Spinning Ground

Jejak Batu, Kincia Aia, dan Deklarasi Robot: Menyulam Masa Lalu dan Masa Depan dari Sukabumi ke Eulsukdo

Jejak Batu, Kincia Aia, dan Deklarasi Robot: Menyulam Masa Lalu dan Masa Depan dari Sukabumi ke Eulsukdo
Jejak Batu, Kincia Aia, dan Deklarasi Robot: Menyulam Masa Lalu dan Masa Depan dari Sukabumi ke Eulsukdo (Analisadaily/Istimewa)

Analisadaily.com, Korea Selatan - Sore itu suara gemeretak batu, desah air, dengung elektronik, dan vokal emosional perempuan menggema di Galeri 5 Busan MoCA (Museum of Contemporary Art). Ruang yang biasanya tenang kini terisi bunyi yang tak sekadar menyoal keindahan. Ia bicara tentang tanah yang dipindahkan, suara alam yang pernah terkubur, dan masa depan yang mengintip lewat retakan sejarah.

Itulah karya pertunjukan kontemporer yang dihadirkan dalam Spinning Ground, sebuah proyek kolaborasi antara seniman asal Indonesia, Rani Jambak, dan seniman Korea Selatan, Sojin Kwak. Pentas ini berlangsung pada 30 dan 31 Mei 2025.

Spinning Ground adalah bagian dari pameran Green Shivering yang digelar di Busan MoCA dari 19 April hingga 16 Juni 2025, dikuratori oleh Dasol Lee. Pameran ini merupakan salah satu program performatif unggulan Busan MoCA tahun ini yang secara khusus menggarap tema ekologi, ketubuhan, dan lanskap pascaindustri melalui seni suara, seni media, dan performans kontemporer.

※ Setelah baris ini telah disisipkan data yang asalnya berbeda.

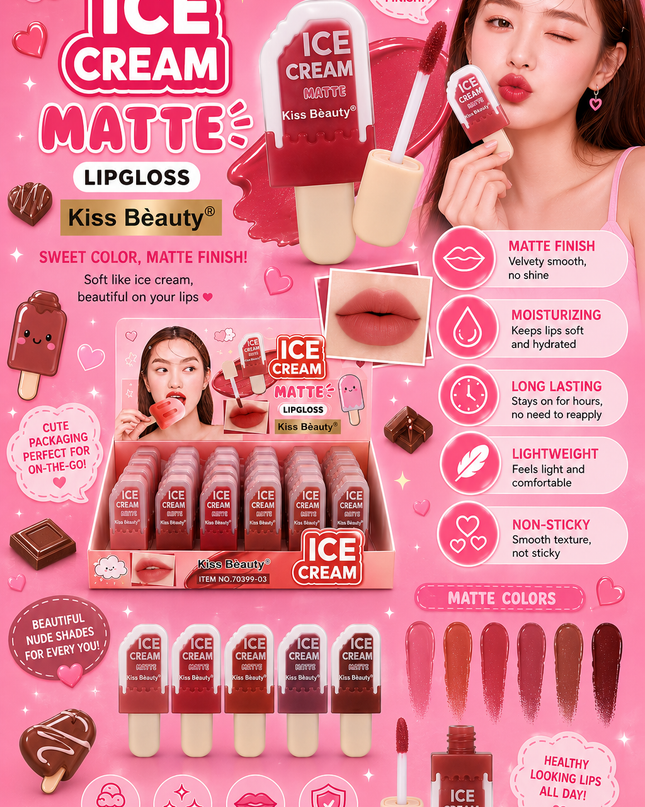 KISS BEAUTY- ICE CREAM MATTE - nude colors 24 pcs(  #70399)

Seni Kontemporer Lintas Disiplin

Green Shivering mengambil inspirasi dari pemikiran filsuf ekologi Timothy Morton, khususnya tentang dunia yang telah berubah asimetris—di mana relasi antara manusia dan non-manusia tidak lagi seimbang, dan bumi tidak lagi berputar untuk manusia semata.

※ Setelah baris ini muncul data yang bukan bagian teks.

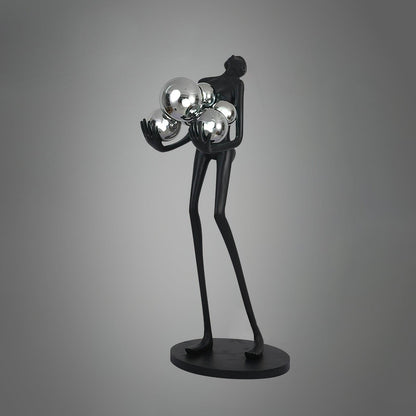 Embrace Sculpture Floor Lamp Dia 22.8″ x H 63″ / Dia 58cm x H 160cm / Black & Silver glass ball / US Plug Floor lamp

Selain performance Rani Jambak dan Sojin Kwak, dalam pameran Green Shivering ini, karya-karya ditampilkan secara interdisipliner oleh seniman-seniman dari lintas negara: Heiner Goebbels (Jerman), Ik-myung Kim (Korea Selatan), Lee Jade Sujin (Korea Selatan), Im Goeun (Korea Selatan), dan Sojin Kwak (Korea Selatan).

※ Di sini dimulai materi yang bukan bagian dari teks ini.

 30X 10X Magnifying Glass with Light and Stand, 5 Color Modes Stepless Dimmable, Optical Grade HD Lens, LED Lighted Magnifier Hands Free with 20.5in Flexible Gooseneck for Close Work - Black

Titik Temu Dua Proyek: Moving Ground dan #FutureAncestor

Spinning Ground merupakan kelanjutan dari proyek video Sojin Kwak berjudul Moving Ground, sebuah karya tiga kanal yang mengeksplorasi visual geologis seperti tambang, pabrik batu, dan tanah yang bergerak secara artifisial.

Di sisi lain, proyek ini juga terhubung dengan riset jangka panjang Rani Jambak berjudul #FUTUREANCESTOR, sebuah upaya artistik untuk menelusuri akar budaya Minangkabau melalui rekaman suara alam, desain instrumen, dan spiritualitas leluhur.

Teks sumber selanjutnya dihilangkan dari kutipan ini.